Wednesday’s Q3 national accounts release from the Australian Bureau of Statistics (ABS) revealed that Australia’s per capita recession extended to a record-breaking seventh consecutive quarter after declining by 0.3% in Q3.
This meant that Australia’s real per capita GDP declined by 1.5% in the year to September 2024, in line with the declines recorded in Canada and New Zealand.
Australia’s real per capita GDP has now declined by 2.1% from its peak in June 2022, when the Albanese Labor government took office.
Australian household consumption fell by 1.9% in per capita terms in the year to September, driving the decline in the country’s per capita GDP.
As illustrated below by CBA, the decline in per capita spending has been driven by goods, whereas services spending has flatlined.
CBA also shows that Australian household consumption is exceptionally weak compared to US households where the transmission of monetary policy via the cash flow channel is significantly muted because almost all of their mortgages are fixed.
The severe monetary tightening from the Reserve Bank of Australia (RBA) is clearly detrimental to Australian households.
Although the RBA has not increased the cash rate since November 2023, mortgages continue to roll off ultra-low fixed rates, and the housing credit stock has increased.
As a result, CBA shows below that housing debt servicing costs continue to increase, both in dollar terms and as a share of income.
Interest payments, therefore, remain a significant weight on household disposable income. Growth in the interest payable on dwellings accelerated in the quarter, up 3.4% over Q3 from 2.8% in Q2.

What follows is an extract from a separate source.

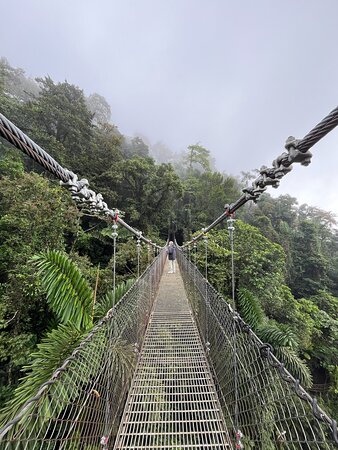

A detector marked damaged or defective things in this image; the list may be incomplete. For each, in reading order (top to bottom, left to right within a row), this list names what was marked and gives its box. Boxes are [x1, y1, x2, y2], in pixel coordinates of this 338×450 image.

The only upside for households in the Q3 national accounts is that the Stage 3 tax cuts provided a modest 0.2% boost to household disposable incomes, although it remained 0.1% lower over the year.

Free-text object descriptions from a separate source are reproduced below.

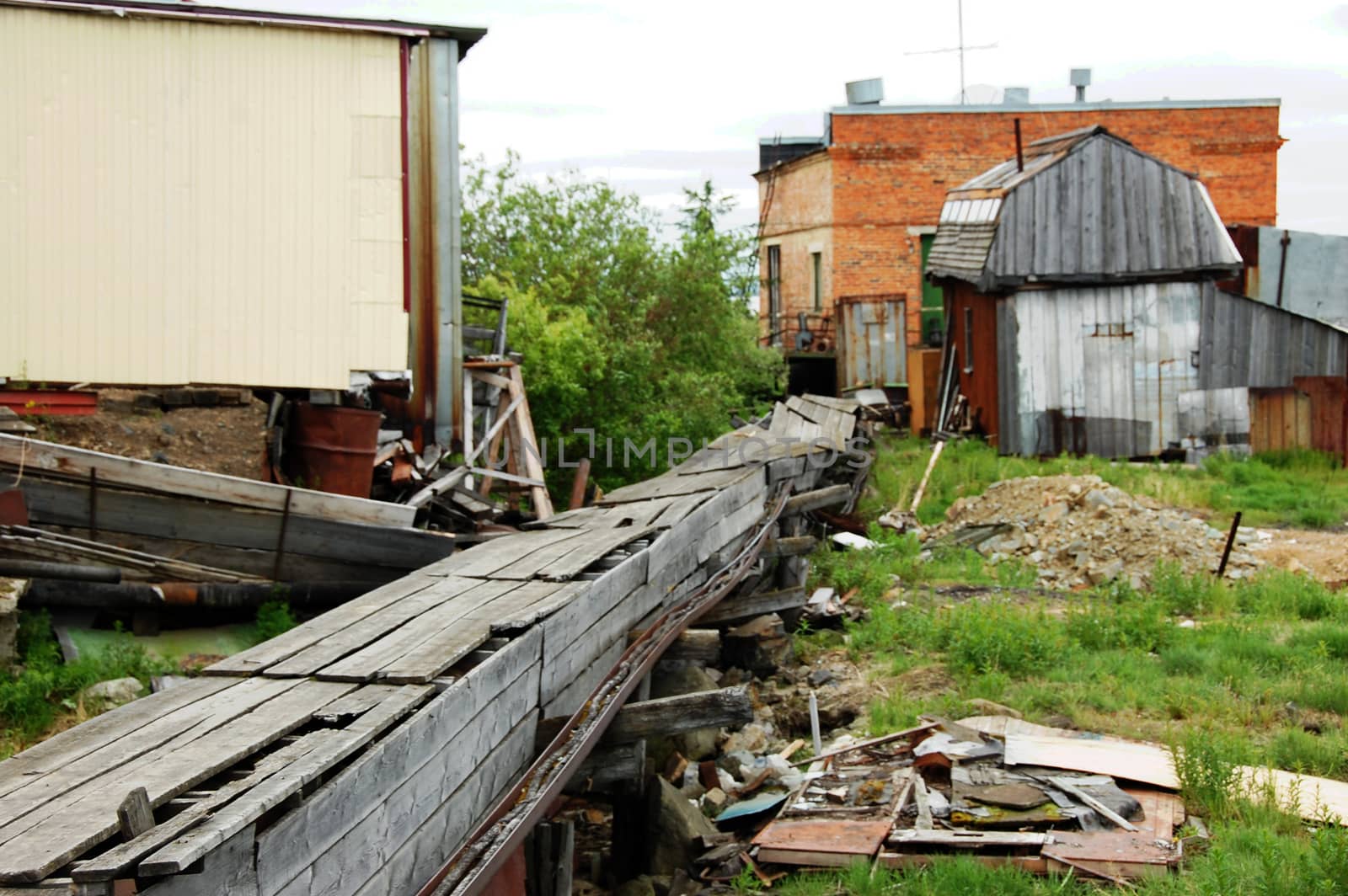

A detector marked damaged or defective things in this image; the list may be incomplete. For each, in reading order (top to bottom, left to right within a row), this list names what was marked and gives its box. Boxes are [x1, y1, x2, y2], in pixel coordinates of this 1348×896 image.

rusty metal siding [1, 8, 409, 387]
rusty metal siding [836, 296, 911, 387]
rusty metal siding [1008, 283, 1207, 458]
rusty metal siding [1202, 283, 1348, 387]
rusty barrel [286, 404, 382, 495]
broken plywood sheet [749, 819, 895, 867]
rusty metal sheet [755, 819, 890, 867]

Household taxes as a share of household gross income fell to 16.1% in Q3 24, the lowest since Q4 22. However, the Parliamentary Budget Office projects that this ratio will resume its upward trend.

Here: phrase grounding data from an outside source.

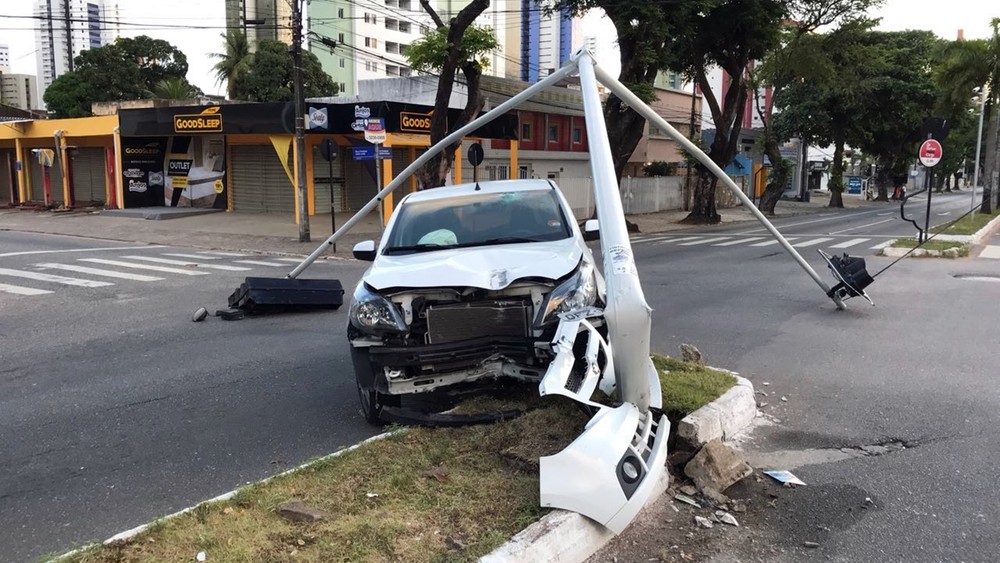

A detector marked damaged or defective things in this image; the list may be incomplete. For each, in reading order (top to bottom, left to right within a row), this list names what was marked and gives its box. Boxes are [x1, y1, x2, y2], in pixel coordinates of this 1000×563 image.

detached bumper piece on ground [229, 278, 346, 312]
crumpled car hood [364, 237, 584, 290]
white damaged car [348, 180, 604, 424]
detached bumper piece on ground [820, 250, 876, 306]
broken plastic fragment [764, 470, 804, 486]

Finally, the following charts from CBA show that Australian wage growth is trending lower, driven by the private sector.
The annual growth in employee compensation (COE) declined to 5.4% from 6.4% previously and a peak of 10.7%. The private sector wage bill has led the decline.
The fall in COE growth broadly aligns with the aggregate wage growth easing in CBA bank accounts.
Indeed, various measures of wage growth have fallen over recent quarters.
Overall, the data above depicts a dire situation for Australian households, who are deeply entrenched in recession.